GIVEN DATA:
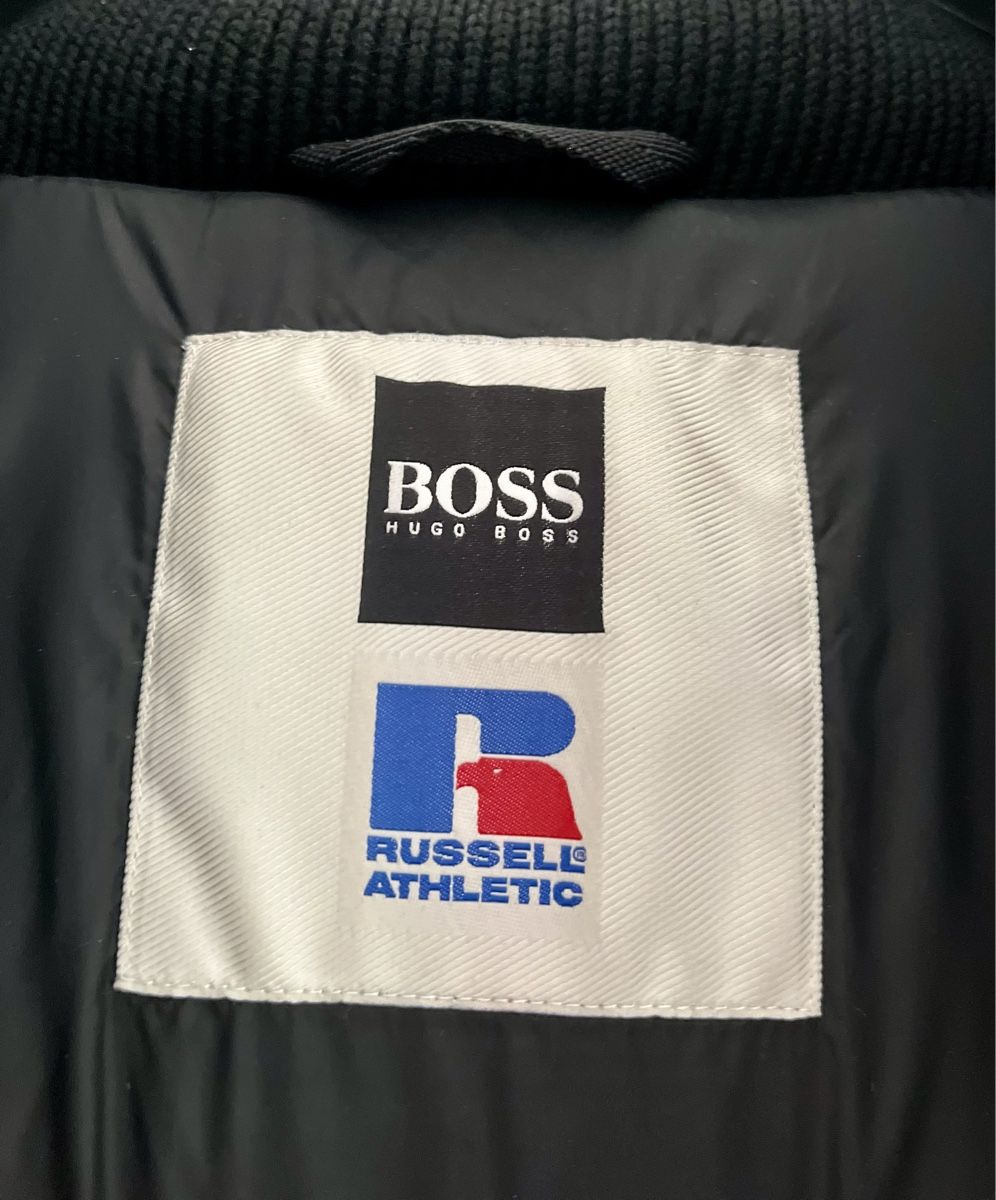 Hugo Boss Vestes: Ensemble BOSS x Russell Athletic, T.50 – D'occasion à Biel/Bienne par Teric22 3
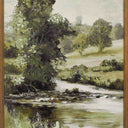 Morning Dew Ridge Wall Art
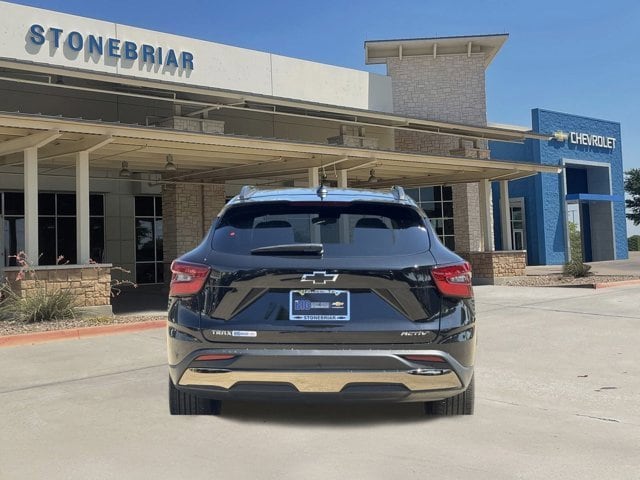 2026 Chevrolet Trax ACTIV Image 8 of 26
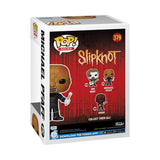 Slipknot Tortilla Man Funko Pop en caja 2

EXERCISE OBJECTIVE:
Every line of the data should be copied as it stands, without the images.

OUTPUT OF THE TASK:
 Hugo Boss Vestes: Ensemble BOSS x Russell Athletic, T.50 – D'occasion à Biel/Bienne par Teric22 3
 Morning Dew Ridge Wall Art
 2026 Chevrolet Trax ACTIV Image 8 of 26
 Slipknot Tortilla Man Funko Pop en caja 2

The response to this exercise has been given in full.